Yesterday we had a light snowfall. Enough to restore the early-winter snowpack to the depth it had acquired before several days of above-freezing temperature reduced it somewhat. And enough to ensure that it would have to be shovelled away, off the walkways and off the driveway. Some freezing rain came down afterward, which turned again into light snow by evening and overnight. More, much more to come.
But since then, it has turned considerably colder, and we're continually reminded by these alternations how changeable weather in this part of Canada can be. And that we'd better hang in there, since winter has not yet really started. More, much more to come.
When it's really cold, I mean frigid, the rhododendrons in the garden react. For their first ten years of life in the garden they were always covered with winter garden blankets to preserve their life over-winter. I haven't covered them in years now. And I remember that when we used to hike in the winter in Georgia in forested 'mountain' areas, the rhododendrons and the wild magnolia which never lost their leaves there as they do here, used to react to extreme cold (although never as 'extreme' as what we are accustomed to) by shrivelling, reducing the area of their leaves in effect, to try to protect themselves.
And this is what our rhododendrons do on very cold days. Looking exquisitely miserable in the process. And then, when more moderate days come along they brighten up, loosen the grip on the leaf surface and open up flat again, looking quite composed. The magnolias, which do lose their foliage in this geographic area, have hundreds of flower buds that developed in late summer. They're fuzzy and promising of great form and colour come spring, when they'll begin growing in size until they burst into flower.
I've also noticed something quite touching. In the late spring we plant all of our urns and garden pots with what in our climate are annuals, but in more temperate climates are perennials. Among the flowers we usually plant fillers like vines for additional texture, colour and contrast. The vinca vines, I noticed a long time ago, have a tendency to send down roots if the vines happen to grow long enough, and plants become established in the garden, through those stray bits that root.

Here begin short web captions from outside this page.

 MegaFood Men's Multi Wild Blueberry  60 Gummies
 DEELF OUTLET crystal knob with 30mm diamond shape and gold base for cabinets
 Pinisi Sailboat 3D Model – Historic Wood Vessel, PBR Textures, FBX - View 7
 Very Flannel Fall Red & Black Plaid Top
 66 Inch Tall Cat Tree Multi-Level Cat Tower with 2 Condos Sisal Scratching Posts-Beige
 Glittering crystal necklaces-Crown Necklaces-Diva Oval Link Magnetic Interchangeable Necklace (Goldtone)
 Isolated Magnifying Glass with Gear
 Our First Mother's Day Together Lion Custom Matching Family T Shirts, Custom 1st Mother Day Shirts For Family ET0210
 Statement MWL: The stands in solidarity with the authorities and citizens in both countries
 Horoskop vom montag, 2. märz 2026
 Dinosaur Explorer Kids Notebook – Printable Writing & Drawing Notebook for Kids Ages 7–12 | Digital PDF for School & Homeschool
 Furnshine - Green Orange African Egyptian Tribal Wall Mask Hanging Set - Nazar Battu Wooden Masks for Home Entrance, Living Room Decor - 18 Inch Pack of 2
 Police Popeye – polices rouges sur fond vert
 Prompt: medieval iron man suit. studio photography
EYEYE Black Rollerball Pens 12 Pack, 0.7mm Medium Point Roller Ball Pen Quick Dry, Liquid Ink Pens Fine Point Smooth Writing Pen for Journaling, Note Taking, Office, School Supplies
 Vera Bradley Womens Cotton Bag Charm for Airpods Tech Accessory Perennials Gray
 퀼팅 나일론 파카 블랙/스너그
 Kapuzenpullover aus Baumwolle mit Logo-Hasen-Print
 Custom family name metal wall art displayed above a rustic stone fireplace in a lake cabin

On the porch we have an urn whose contents are emptied in preparation for the long winter months, in late fall, when the 'annuals' are not equipped by their origins to cope with extreme cold become limp and frozen. Up come those I can overwinter and re-introduce the following spring. It hadn't occurred to me to do this with any of the vines; much too fussy and time- and space-consuming.
And then, months ago, I noticed that on the bottom left-hand corner of the porch there was a tiny, sturdy little vine growing. When the weather becomes extremely frigid, its leaves pucker and draw themselves together just as the rhododendron leaves do. And when the weather takes a moderate turn, the little vinca leaves bravely broaden out again. Obviously, that tiny bit of vine, left over from the time that I clear out all the plants in the fall, had established itself through a root system it developed and now lives, determinedly, between the bricks and mortar of the side of our house. Long may it live!